▸ **Brief**
Without any pictures, reproduce exactly the lines running from the line containing "New 2026 Hyundai Kona SE image 8" through the end of the entries.

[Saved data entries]
>>

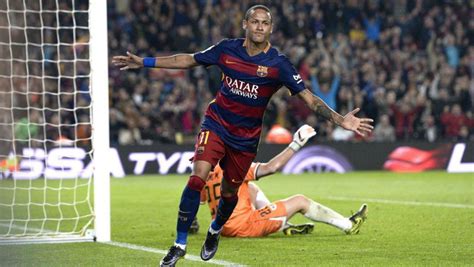 How To Play Like Neymar In 15/16: 6 Ways To Do It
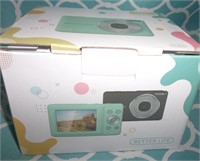 NIB Digital Camera, Battery, 32MB Micro Card+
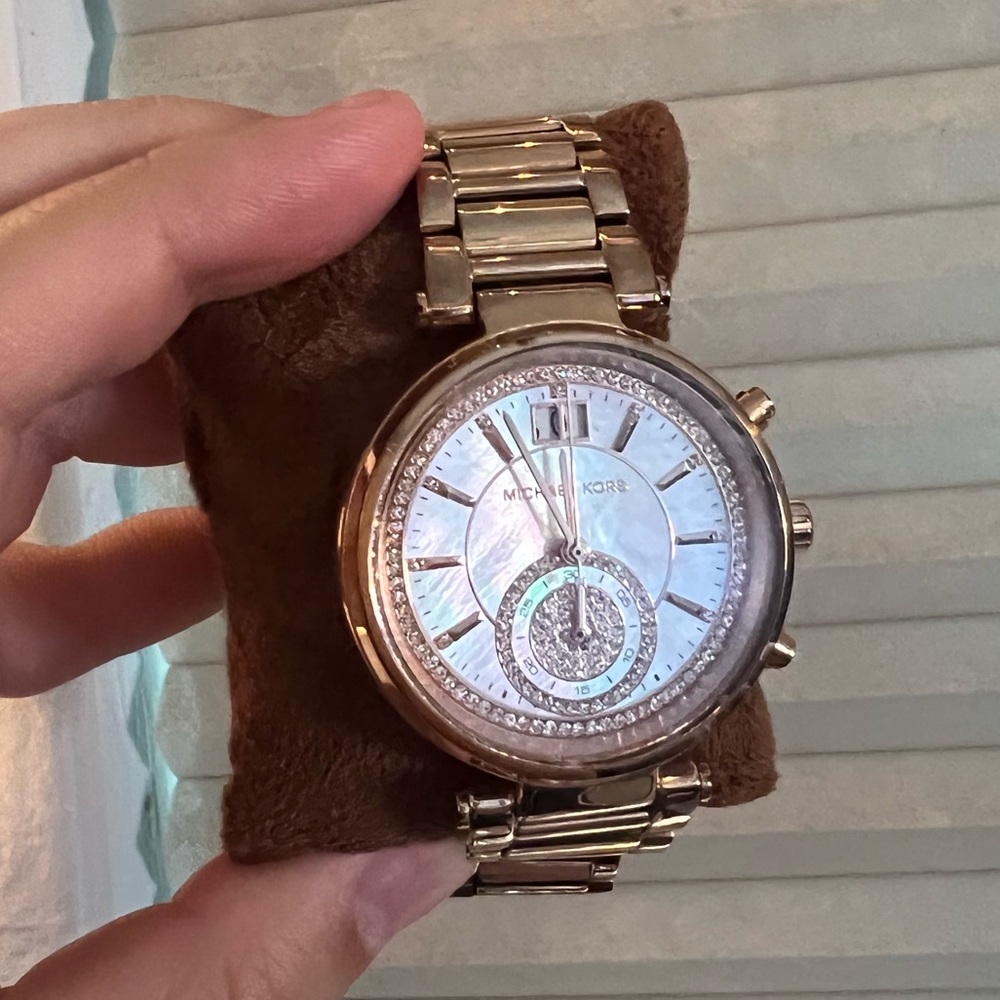 Rose gold Michael kors watch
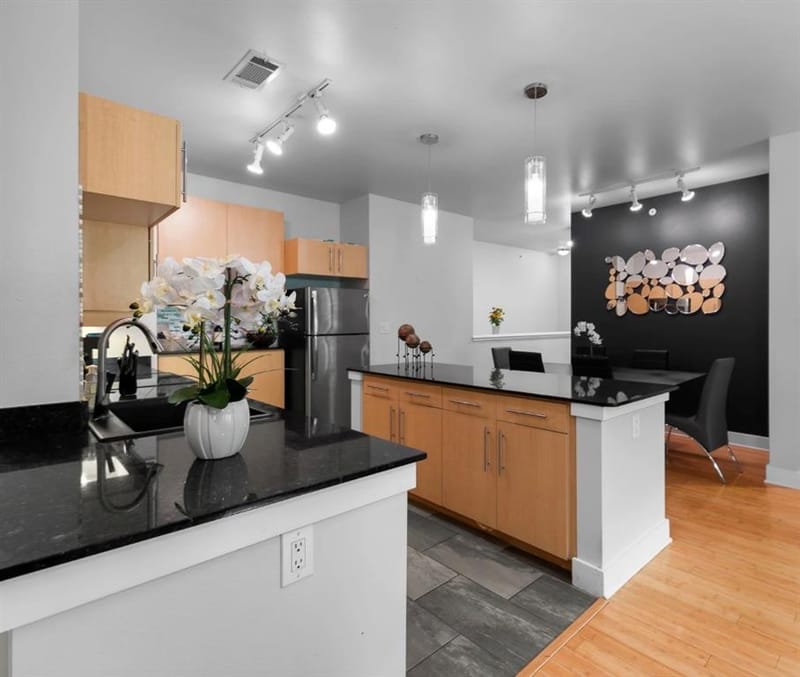 4414 Cedar Springs Road # 209, Dallas TX 75219 - Photo 5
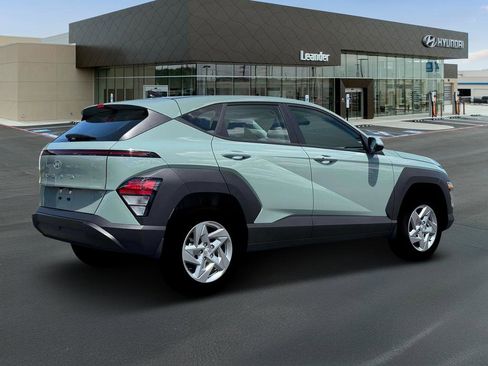 New 2026 Hyundai Kona SE image 8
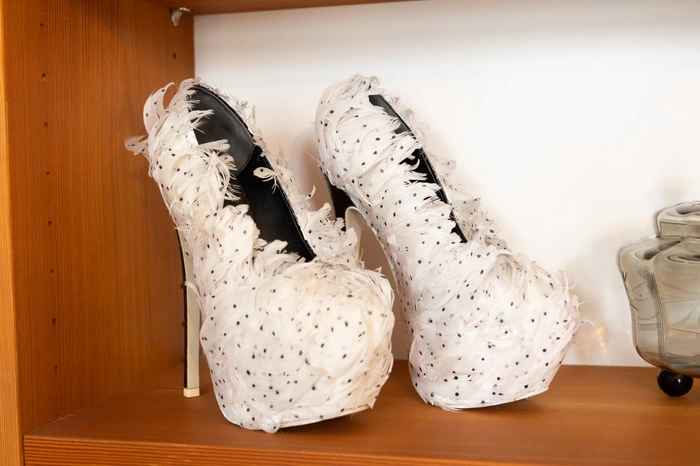 ... grazilem Schuhwerk sowie ausgewählten Vintage-Stücken geziert wird, sondern auch von zahlreichen ...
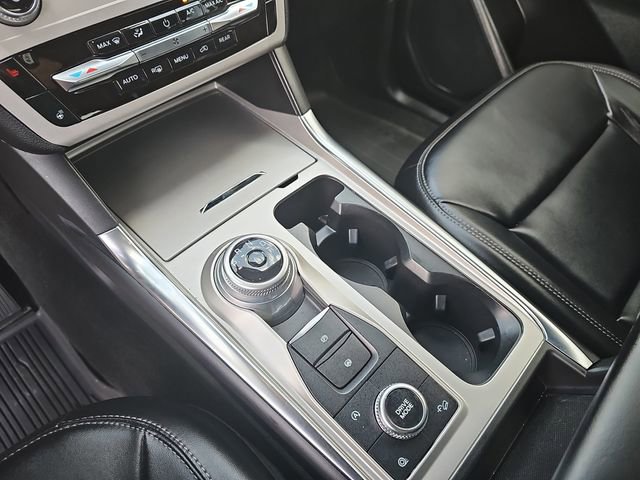 Used 2023 Ford Explorer XLT w/ Equipment Group 202A image 31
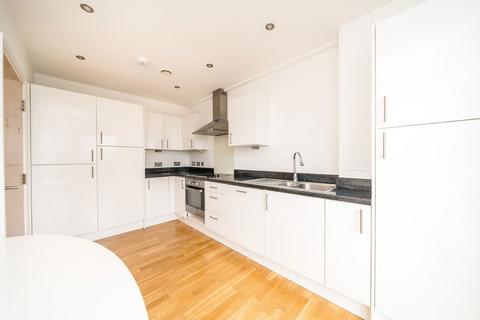 2 bedroom flat for sale, Chrislea Close, Hounslow TW5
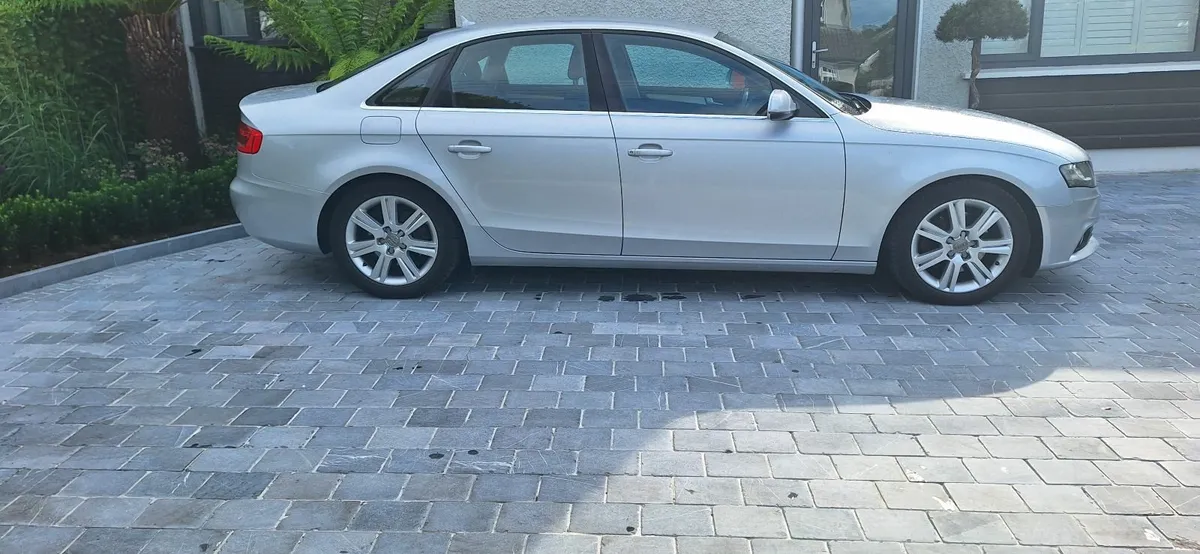 Audi A4 SE 2010 - Image 3
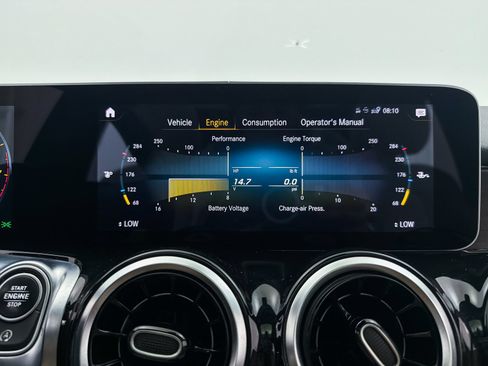 Used 2021 Mercedes-Benz GLB 250 image 21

<<

▸ **Reply**
 New 2026 Hyundai Kona SE image 8
 ... grazilem Schuhwerk sowie ausgewählten Vintage-Stücken geziert wird, sondern auch von zahlreichen ...
 Used 2023 Ford Explorer XLT w/ Equipment Group 202A image 31
 2 bedroom flat for sale, Chrislea Close, Hounslow TW5
 Audi A4 SE 2010 - Image 3
 Used 2021 Mercedes-Benz GLB 250 image 21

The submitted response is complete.